> _EXERCISE_
All entries must come back exactly as given, with no pictures in the copy.

- - -

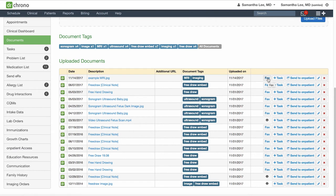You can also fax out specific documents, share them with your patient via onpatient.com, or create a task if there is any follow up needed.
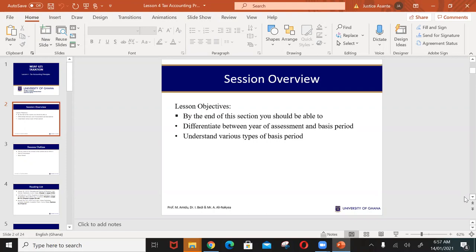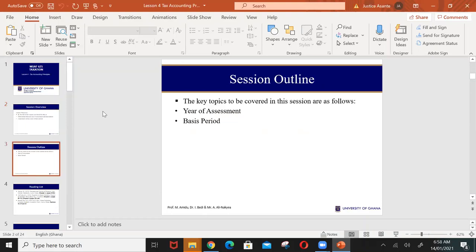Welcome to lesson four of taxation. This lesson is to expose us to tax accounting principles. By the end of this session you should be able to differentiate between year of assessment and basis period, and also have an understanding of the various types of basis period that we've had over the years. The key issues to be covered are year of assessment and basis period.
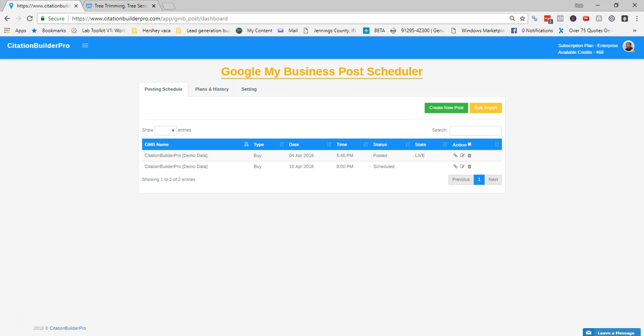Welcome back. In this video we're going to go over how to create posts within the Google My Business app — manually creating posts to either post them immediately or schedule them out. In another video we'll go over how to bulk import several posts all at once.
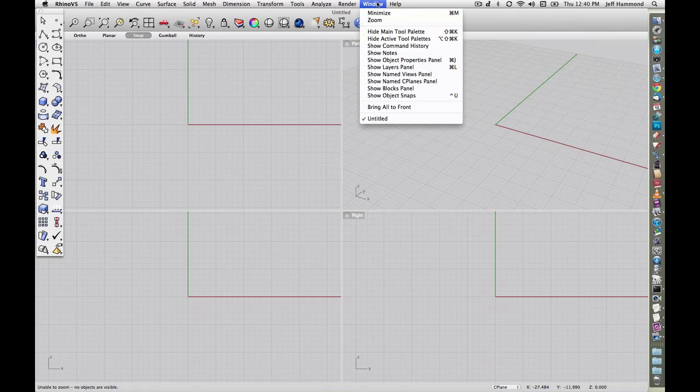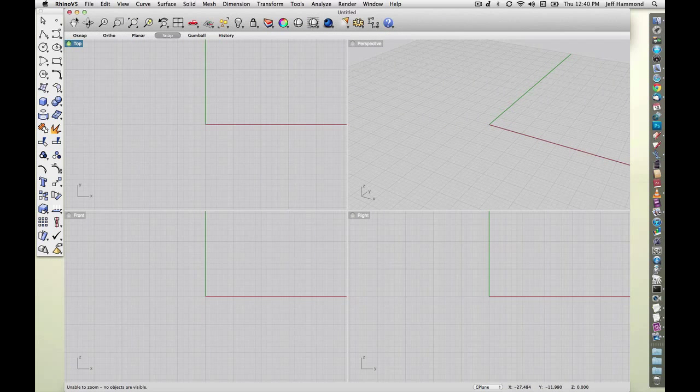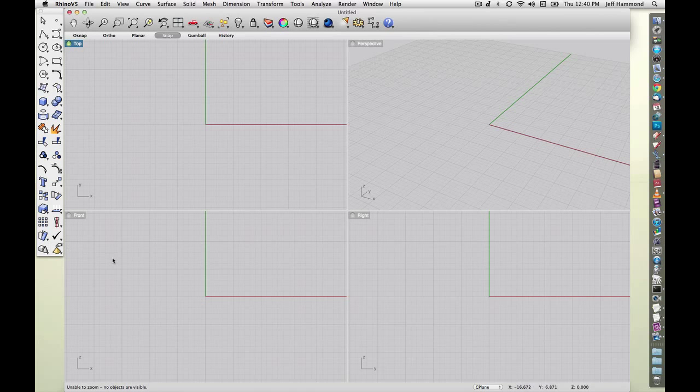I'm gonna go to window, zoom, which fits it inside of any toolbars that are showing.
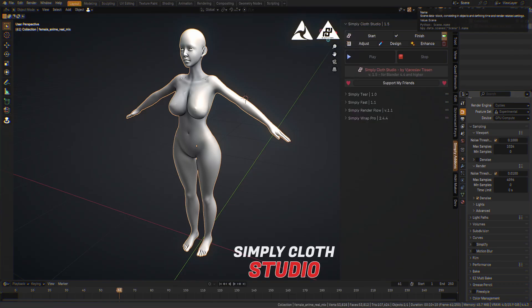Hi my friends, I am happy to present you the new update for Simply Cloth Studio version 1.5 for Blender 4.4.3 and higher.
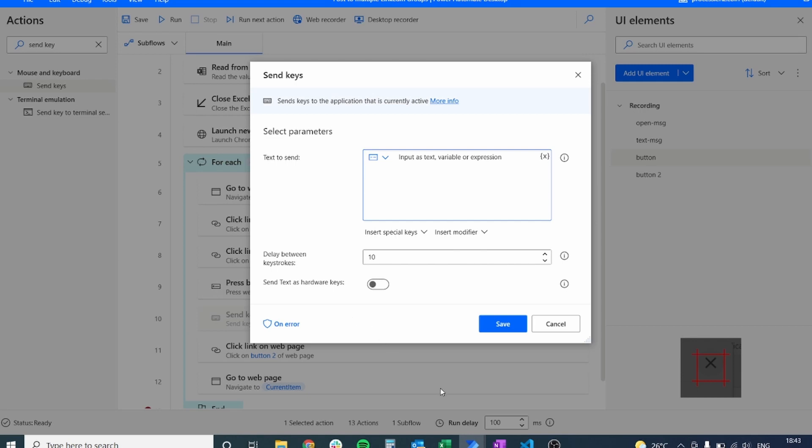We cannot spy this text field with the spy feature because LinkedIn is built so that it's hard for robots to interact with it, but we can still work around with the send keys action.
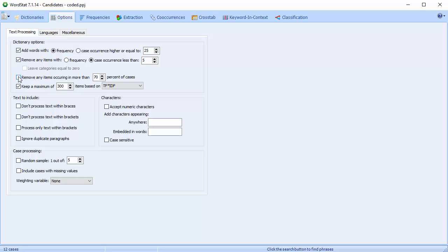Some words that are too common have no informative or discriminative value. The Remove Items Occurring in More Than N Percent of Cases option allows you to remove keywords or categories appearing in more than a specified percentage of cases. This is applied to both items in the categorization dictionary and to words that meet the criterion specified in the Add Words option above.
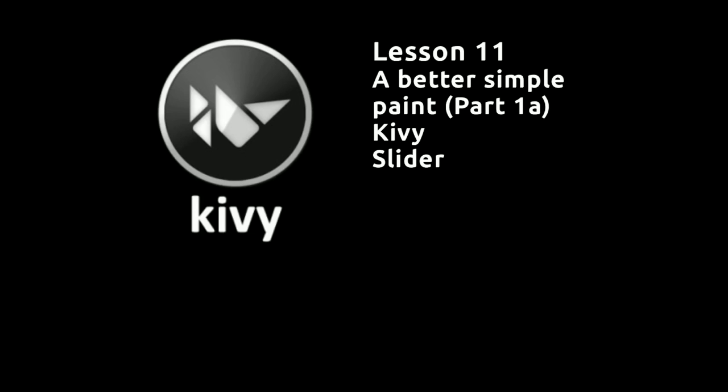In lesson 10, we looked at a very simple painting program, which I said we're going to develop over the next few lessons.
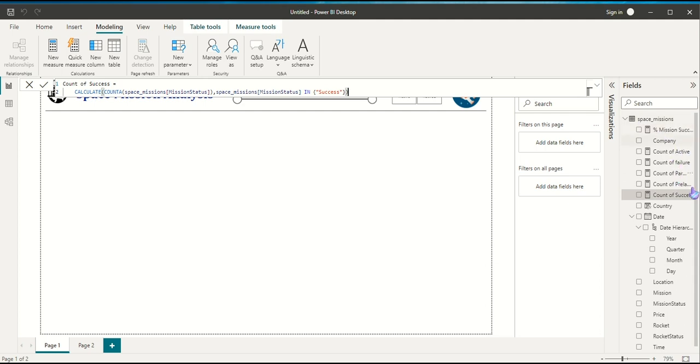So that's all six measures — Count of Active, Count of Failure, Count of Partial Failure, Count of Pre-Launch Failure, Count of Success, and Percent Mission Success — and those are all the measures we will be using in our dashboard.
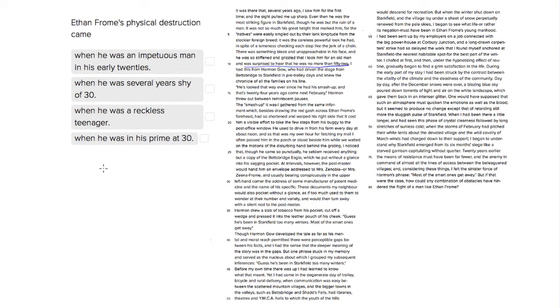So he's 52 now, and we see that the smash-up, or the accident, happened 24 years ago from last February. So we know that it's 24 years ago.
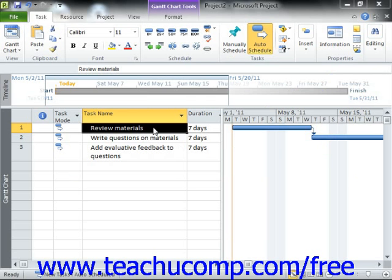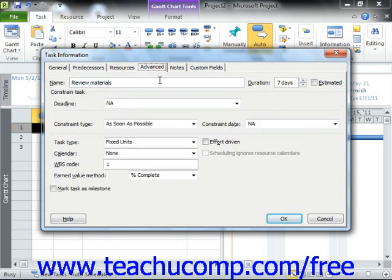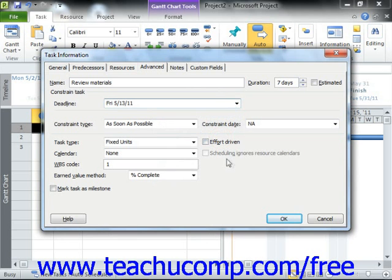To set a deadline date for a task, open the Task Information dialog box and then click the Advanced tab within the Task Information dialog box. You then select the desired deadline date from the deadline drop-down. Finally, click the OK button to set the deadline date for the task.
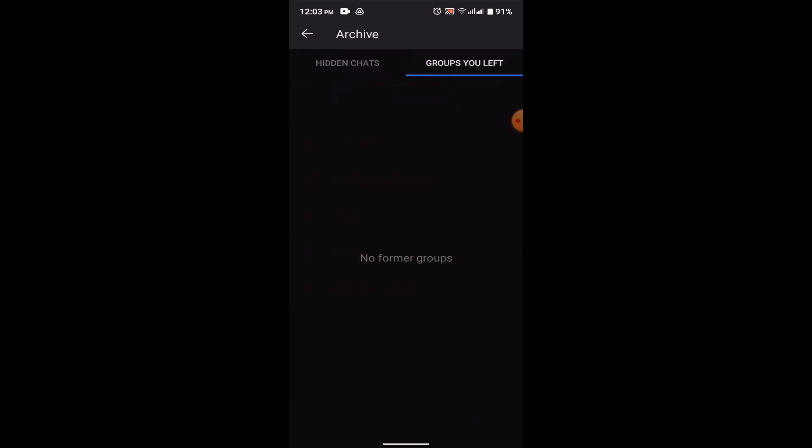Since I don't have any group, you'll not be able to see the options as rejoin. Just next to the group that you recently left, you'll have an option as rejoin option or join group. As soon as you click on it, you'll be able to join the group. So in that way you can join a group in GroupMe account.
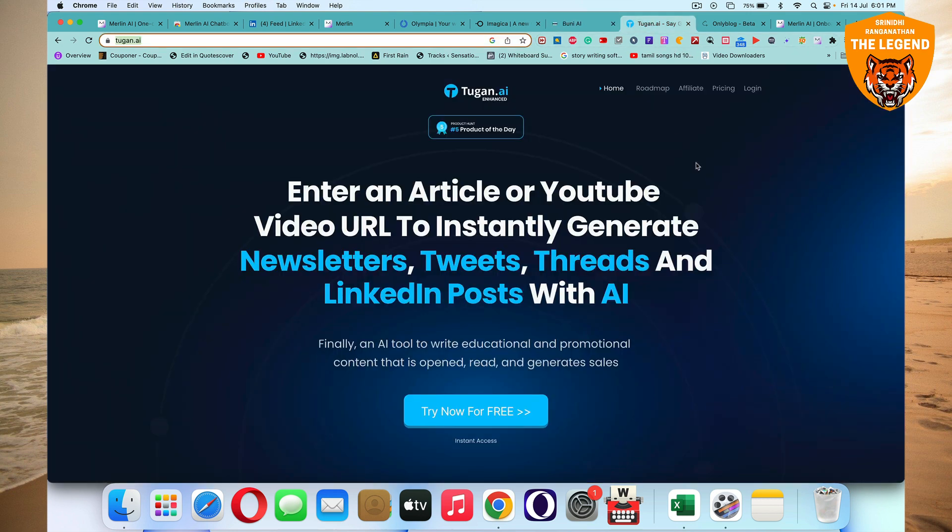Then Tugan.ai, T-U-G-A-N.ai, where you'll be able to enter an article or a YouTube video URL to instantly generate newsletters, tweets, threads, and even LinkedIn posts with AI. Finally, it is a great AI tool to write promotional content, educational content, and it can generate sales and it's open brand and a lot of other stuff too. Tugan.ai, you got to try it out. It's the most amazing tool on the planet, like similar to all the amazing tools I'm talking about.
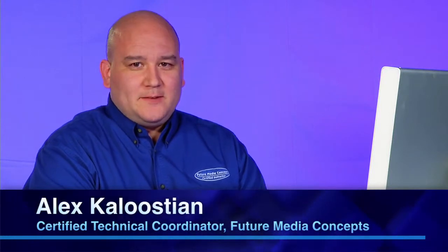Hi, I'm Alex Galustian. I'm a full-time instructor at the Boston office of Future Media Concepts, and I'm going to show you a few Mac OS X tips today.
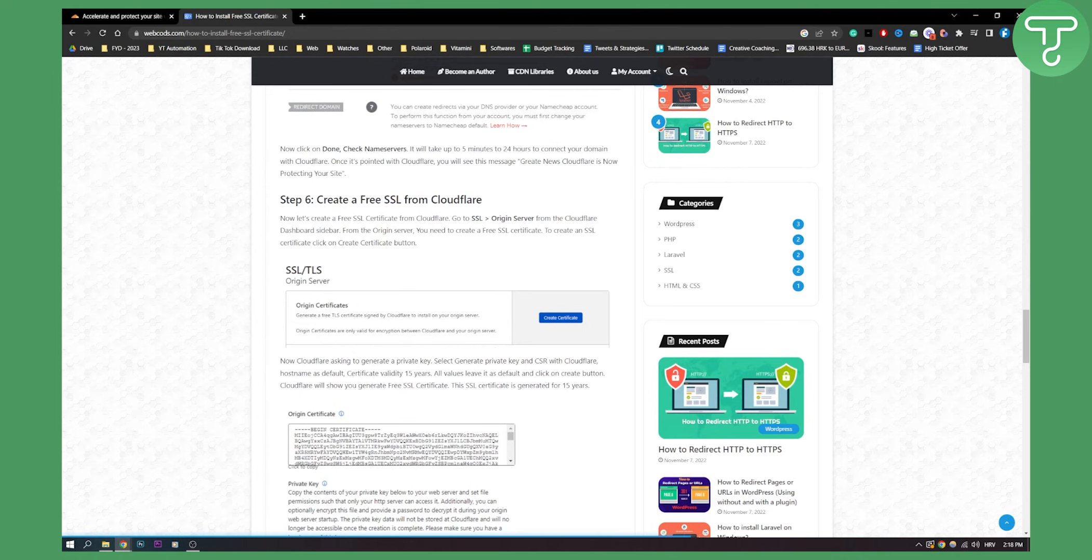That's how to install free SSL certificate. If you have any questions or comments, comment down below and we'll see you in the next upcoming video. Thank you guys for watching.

- - -

> _EXERCISE SOLUTION_
You can also fax out specific documents, share them with your patient via onpatient.com, or create a task if there is any follow up needed.
Welcome to lesson four of taxation. This lesson is to expose us to tax accounting principles. By the end of this session you should be able to differentiate between year of assessment and basis period, and also have an understanding of the various types of basis period that we've had over the years. The key issues to be covered are year of assessment and basis period.
Welcome back. In this video we're going to go over how to create posts within the Google My Business app — manually creating posts to either post them immediately or schedule them out. In another video we'll go over how to bulk import several posts all at once.
I'm gonna go to window, zoom, which fits it inside of any toolbars that are showing.
Hi my friends, I am happy to present you the new update for Simply Cloth Studio version 1.5 for Blender 4.4.3 and higher.
We cannot spy this text field with the spy feature because LinkedIn is built so that it's hard for robots to interact with it, but we can still work around with the send keys action.
Some words that are too common have no informative or discriminative value. The Remove Items Occurring in More Than N Percent of Cases option allows you to remove keywords or categories appearing in more than a specified percentage of cases. This is applied to both items in the categorization dictionary and to words that meet the criterion specified in the Add Words option above.
In lesson 10, we looked at a very simple painting program, which I said we're going to develop over the next few lessons.
So that's all six measures — Count of Active, Count of Failure, Count of Partial Failure, Count of Pre-Launch Failure, Count of Success, and Percent Mission Success — and those are all the measures we will be using in our dashboard.
So he's 52 now, and we see that the smash-up, or the accident, happened 24 years ago from last February. So we know that it's 24 years ago.
To set a deadline date for a task, open the Task Information dialog box and then click the Advanced tab within the Task Information dialog box. You then select the desired deadline date from the deadline drop-down. Finally, click the OK button to set the deadline date for the task.
Since I don't have any group, you'll not be able to see the options as rejoin. Just next to the group that you recently left, you'll have an option as rejoin option or join group. As soon as you click on it, you'll be able to join the group. So in that way you can join a group in GroupMe account.
Then Tugan.ai, T-U-G-A-N.ai, where you'll be able to enter an article or a YouTube video URL to instantly generate newsletters, tweets, threads, and even LinkedIn posts with AI. Finally, it is a great AI tool to write promotional content, educational content, and it can generate sales and it's open brand and a lot of other stuff too. Tugan.ai, you got to try it out. It's the most amazing tool on the planet, like similar to all the amazing tools I'm talking about.
Hi, I'm Alex Galustian. I'm a full-time instructor at the Boston office of Future Media Concepts, and I'm going to show you a few Mac OS X tips today.
That's how to install free SSL certificate. If you have any questions or comments, comment down below and we'll see you in the next upcoming video. Thank you guys for watching.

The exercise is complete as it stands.